In the third quarter of 2003, Ericsson returned to profit, as we have seen, after ten loss-making quarters in a row. And soon the company attained margins of a hitherto unprecedented level:
Year |
Turnover SEK millions |
Net profit SEK millions |
Operating margin Percent |
Number of employees |
R&D % |
2004 |
131,972 |
17,836 |
20.2 |
50,534 |
17.7 |
2005 |
151,821 |
24,460 |
21.8 |
56,055 |
16.1 |
2006 |
177,783 |
26,436 |
20.2 |
63,781 |
15.7 |
The figures are from Ericsson’s annual reports.
On the stock exchange, share prices rose only moderately. They went up until February 2004 and then hovered at the same level (about SEK 21) until April 2005, when they began to rise again, only to stagnate a few months later (at the SEK 27 level).
At Ericsson, the mood was calm and optimistic, but this cannot be said about the sector as a whole.

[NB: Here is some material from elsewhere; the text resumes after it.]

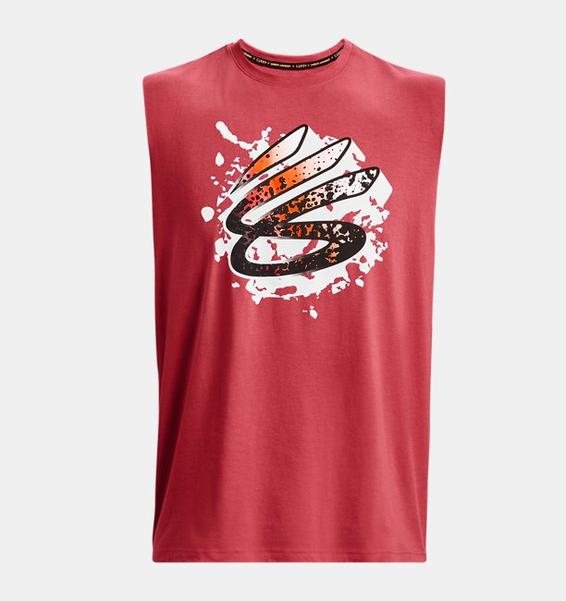 Kırmızı Erkek Curry Sleeveless Tişört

Among the competitors, Motorola made a good recovery: a graph of the company’s earnings resembles Ericsson’s until 2006. Nokia’s mobile phone division also continued to do well, while on its systems side, earnings continued to shift between plus and minus.

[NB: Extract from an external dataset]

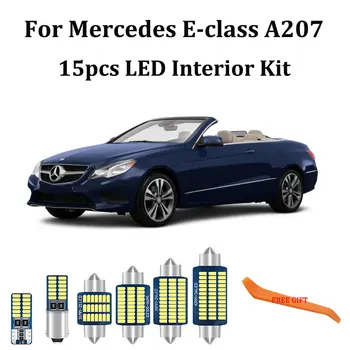 15pcs LED salona Apgaismojuma Komplekts Mercedes E klases A207 Konvertējamās Cabriolet E220 E250 E260 E300 E320 E350 E400 E500 E550 (10-16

Other competitors faced greater difficulties. On the whole, business in the sector was changing radically. Mobile telephony continued to gain large numbers of subscribers each month all over the world; new operators emerged and bought each other up; 3G networks were expanding. But how were the participants to make any money?
In March 2006, France’s Alcatel and America’s Lucent announced they were to merge; in June Nokia’s and Siemens’ network divisions also announced a merger. The new companies, Alcatel-Lucent and Nokia Siemens Networks, were more or less the same size as Ericsson. A new emerging competitor could be discerned in the Chinese company Huawei.
In Silicon Valley, a new company called Google, founded in 1998 by two students at Stanford University, Larry Page and Sergei Brin, was the talk of the town and also turned out to be able to make money. And it was obvious that neither Microsoft nor its constant rival Apple could ever be discounted.
In April 2004, Ericsson formed an alliance with Cisco in two defined areas, public fiber broadband networks (Ethernet access) and company exchanges (softswitching). As so often before in Ericsson collaborations with large American companies, it turned out to be difficult to establish a solid interface between the cultures.
What would be the next big thing for Ericsson?
Jan Uddenfeldt says: “We were approaching the major rollout of 3G networks. And at the same time, once again we were facing a new process. New ideas are always turning up. You can never rest on your laurels. If you do not stay at the cutting edge, always at the ready, someone else will take over.”